Review Summary: Struggle is raw, uncouth, and sees Nonpoint in its development stage, but is nonetheless a decent nu metal album.
Nonpoint was on Struggle
Elias Soriano -vocals
Andrew Goldman -guitar
Kenneth "KB" Charman -bass
Robb Rivera -drums
Many people know Nonpoint by their "Recoil" and "To The Pain" albums, which were great nu metal records. Not many have heard (of) Nonpoint's first major label release (I use the term major label here, because Nonpoint actually issued Struggle two years prior to its 1999 release, in 1997, independently and under the name Separate Yourself), though, which is titled "Struggle" and has gone kind of missing in the nu metal history. Struggle works as a great comparison point to Nonpoint's later efforts because of how different it is in feel and sound, and exhibits the progression that Nonpoint have done during the years. Still, that doesn't make Struggle a bad album by default.
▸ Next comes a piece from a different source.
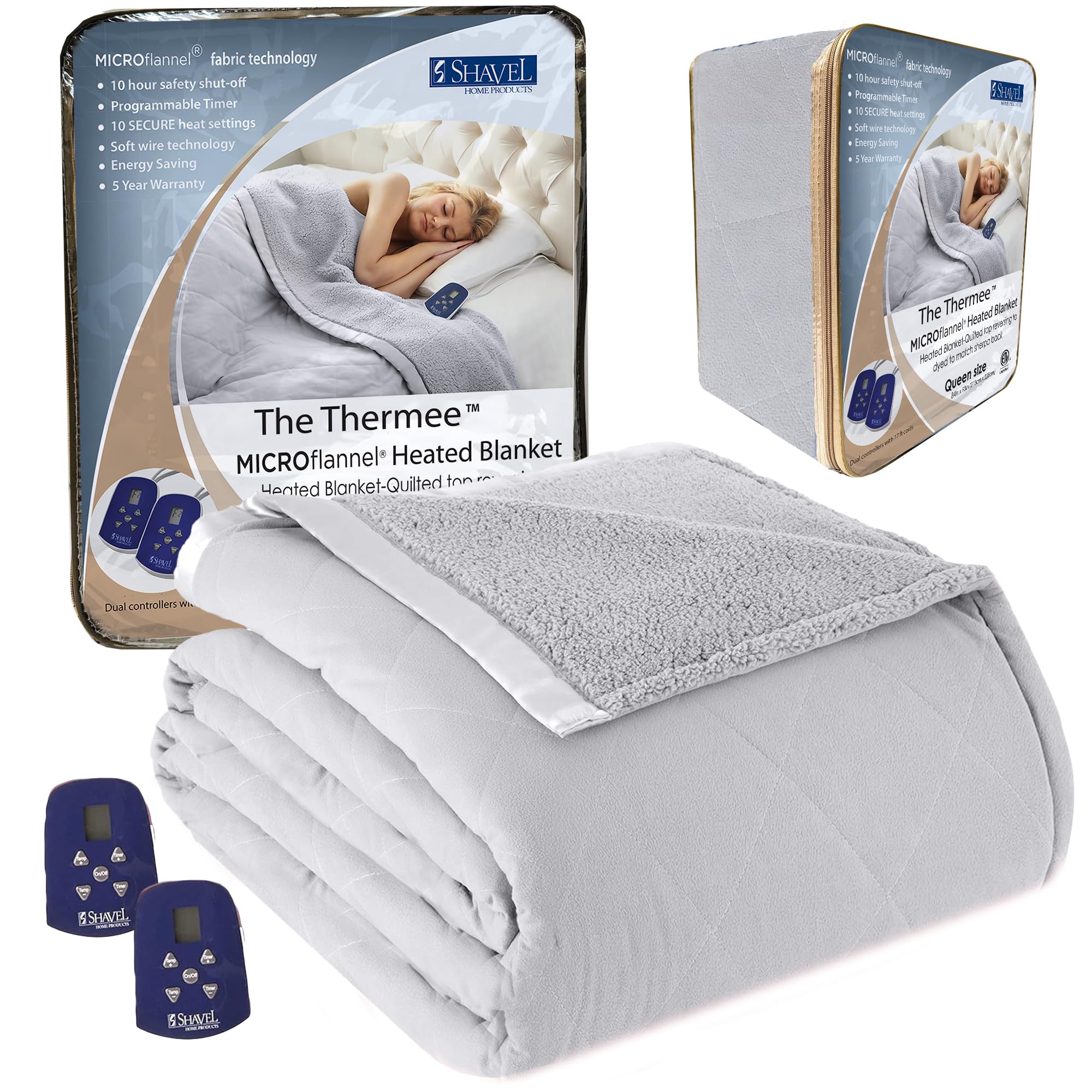 Thermee Micro Flannel Heated Blanket with Sherpa Back - 10 Heat Settings Electric Blanket Queen Size, Programmable Fast Heating Throw - Ultra Soft Thermal Blanket for Bed, Couch & Office - Slate Grey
Struggle, as opposed to Nonpoint's other releases, is unexpectedly bass-driven. At one point it is calm, funky and kind of flows through the song but at the other it blasts into a mighty section of aggressive downtuned riffing. The best examples of flowing are the tracks "Double Stacked" and "Gimmick" and the best examples of aggressive riffing are the tracks "Victim", "Struggle" and the end of "No Say". And the best example of those two together is the song "Hive", where in the chorus the bass is ferociously exploding in a sequence of downtuned angry riffs but at the end of the track it just silently and peacefully drifts along. In "Hive" the bass is very nicely supported by the drums which adapt to the different parts of the song and give a good background. The electric guitar isn`t heard so well in it though. Overally the bass creates the whole mood and atmosphere for the entire album and really leads the songs well. The sound that the bass and the guitar create on some of the songs, somewhat remind me of Sepultura`s "Roots" album. This kind of downtuned, aggressive, low and deep sound. Only, in my opinion, they have more variety in their riffs than Sepultura did. Because of those deep, downtuned riffs Nonpoint is sometimes even thought to be Groove metal (their earlier work: Struggle and Statement).
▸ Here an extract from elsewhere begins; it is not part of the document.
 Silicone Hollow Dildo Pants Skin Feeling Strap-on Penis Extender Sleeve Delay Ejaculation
But what about the other instruments. Andrew Goldman also plays some good and funky riffs on his guitar. It`s just that they don`t stick out so much as the bass riffs. He has some good riffs on "No Say", "Senses", "Years" and "Two Tone", and has solid riffs everywhere else. He does a good contribution to the overall sound though. None of the songs wouldn`t be the same without him. He greatly aids the bass generally. You can really call Andrew a great team player.
The drumming is solid but nothing mindblowing. It suits the overall sound but doesn`t stand out much. And that is actually the problem with Robb Riviera. He is a good drummer, he really is, but he just doesn`t seem to have any remarkable reference points. The best examples of drumming are probably the tracks "Hive" and "Victim", and also the end of "No Say". I`m still hoping though that at least on one of Nonpoint`s future albums he will shine behind the drum kit.
There are also some good alternative items being used on Struggle. Like the good use of percussion items, such as tambourines, and occasionaly the good use of acoustic guitar. They bring this kind of little Latin spirit into some of their songs. By the way this is the only Nonpoint album where they create this Latin mood. They will drop it shortly after Struggle, and on Statement (Nonpoints second album) there is no actual trace of Latin influence. Only the little accent the vocalist has.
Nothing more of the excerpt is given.